Secretary General of the Basque Nationalist Party in Güeñes
- In office 1982–1986

Personal details
- Born: Arturo Alcoceba Isusi 4 December 1952 Güeñes, Spain
- Died: 4 July 2025 (aged 72)
- Party: Basque Nationalist Party

= Arturo Alcoceba =

Spanish politician (1952–2025)

Arturo Alcoceba Isusi (4 December 1952 – 4 July 2025) was a Spanish politician with a Basque nationalist ideology belonging to the Basque Nationalist Party, He was president of the PNV in Güeñes.

== Life and career ==
Alcoceba was born in Sodupe (Güeñes) on 4 December 1952 into a Basque nationalist family with two sons and two daughters. His sister is Paquita Alcoceba, a Basque politician, and her brother-in-law Luis Laiseka, also a politician. His maternal grandfather was Cipriano Isusi, a Basque politician and militiaman who fought in the Euzko Gudarostea (army of the Government of Euzkadi) during the Spanish Civil War and who was imprisoned in the El Puerto de Santa María prison, along with politicians Juan de Ajuriaguerra and Jesús María Leizaola.

As a young man, he joined Euzko Gaztedi Indarra (EGI) and the Basque Nationalist Party (PNV), forming part of the municipal executive of the party in Güeñes. Part of the "PNV in hiding" in the Franco regime, he was part of one of the most politically active towns, organizing clandestine meetings, placing ikurriñas, graffiti, distribution of propaganda, illegal concentrations, bonfires on the summits on the eve of Aberri Eguna, etc.

As a result of all the political activities, he was arrested by the Civil Guard on 7 March 1975. They were taken to the La Salve barracks of the Civil Guard in Bilbao and were tortured. They were arrested and tried for "subversive activity" ("subversive graffiti", attendance at "illegal meeting", etc.). His lawyer in prison was Xabier Arzalluz, president of the PNV, who led his defense and the party paid the bail imposed. When in Spain the new king (Juan Carlos I) came to the throne, they were amnestied.

In 1977, Alcoceba was one of the founders of the batzoki of Sodupe, when they began to be legal. In 1980, they presented some amendments in the batzoki, in relation to the batzoki and the party and that generated a great controversy. Arzalluz, as president of the PNV at that time, went to the batzoki of Sodupe and after the controversy he expelled them from the batzoki, although they continued to maintain a friendship relationship.
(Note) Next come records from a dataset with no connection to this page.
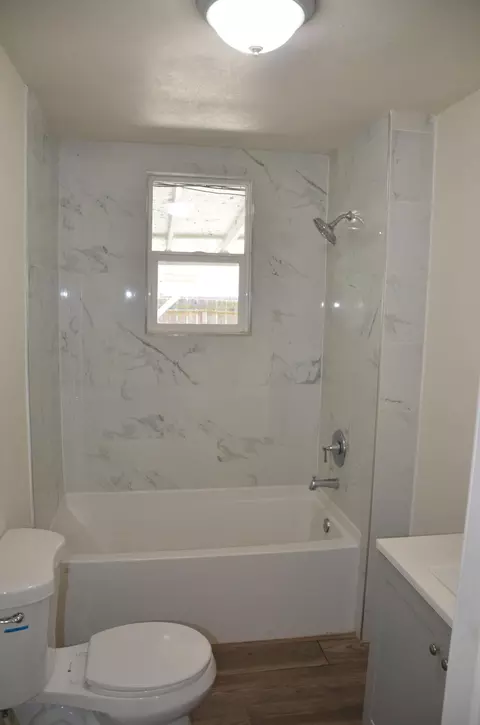 Bath - 237 Smith Ave, Lemoore, CA 93245 photo 1 of 3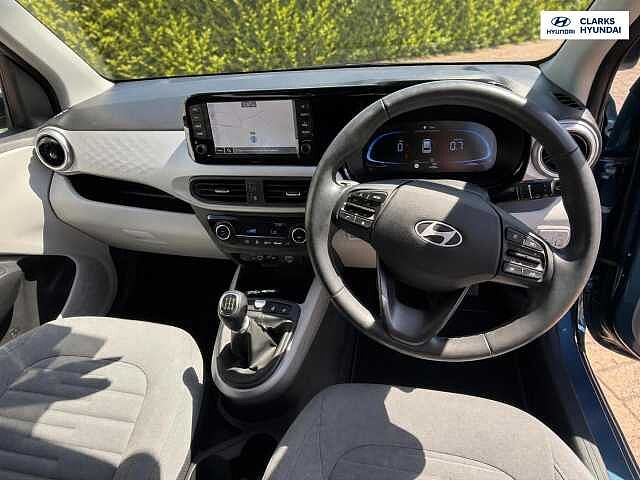 Hyundai i10 1.2 Premium Hatchback 5dr Petrol Manual Euro 6 (s/s) (79 ps)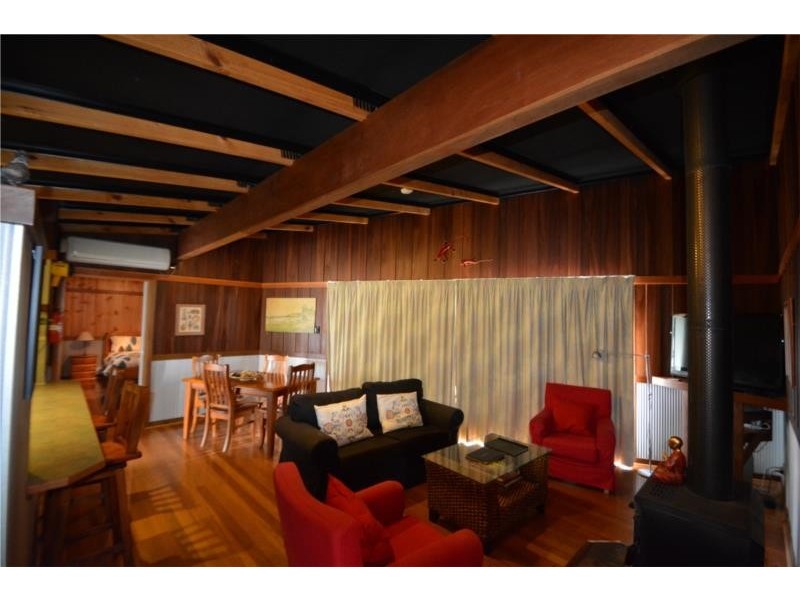26172 New England Highway, Stanthorpe QLD 4380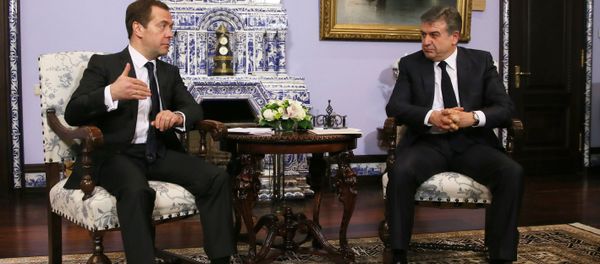 Премьер-министр РФ Д. Медведев встретился с премьер-министром РФ Армении К. Карапетяном - Sputnik Արմենիա
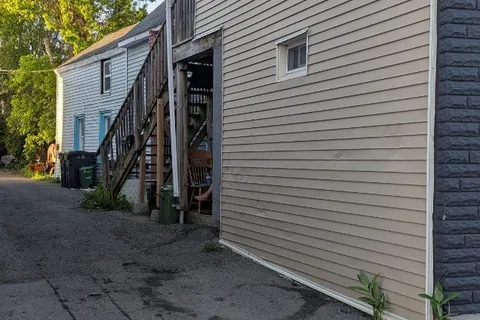 166 Montreal Road, ON K6H 1B3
That year Alcoceba and those expelled founded the "Jator Enea association", as a place of political and cultural meeting. The Jator Enea association and its headquarters had a presence, with the creation of Eusko Alkartasuna, in the controversy of the political headquarters. Alcoceba always defended the sovereignist sector of the PNV, the current of Arzalluz and Juan José Ibarretxe, being a strong defender of the Ibarretxe Plan.

In 1977, Alcoceba participated in the creation of the newspaper Deia, where he worked together with Iñaki González, Kepa Intxaurbe and Andoni Ortuzar, among others. In 1986, with the creation of Eusko Alkartasuna and the newspaper promoted by that party Gaur Express (1988–1989), the newspaper's management asked Alcoceba to join the newspaper, but he rejected it and stayed in Deia.

Alcoceba was part of the municipal council of the PNV in Güeñes and presided over it, going on the electoral lists on multiple occasions. He died on 4 July 2025, at the age of 72.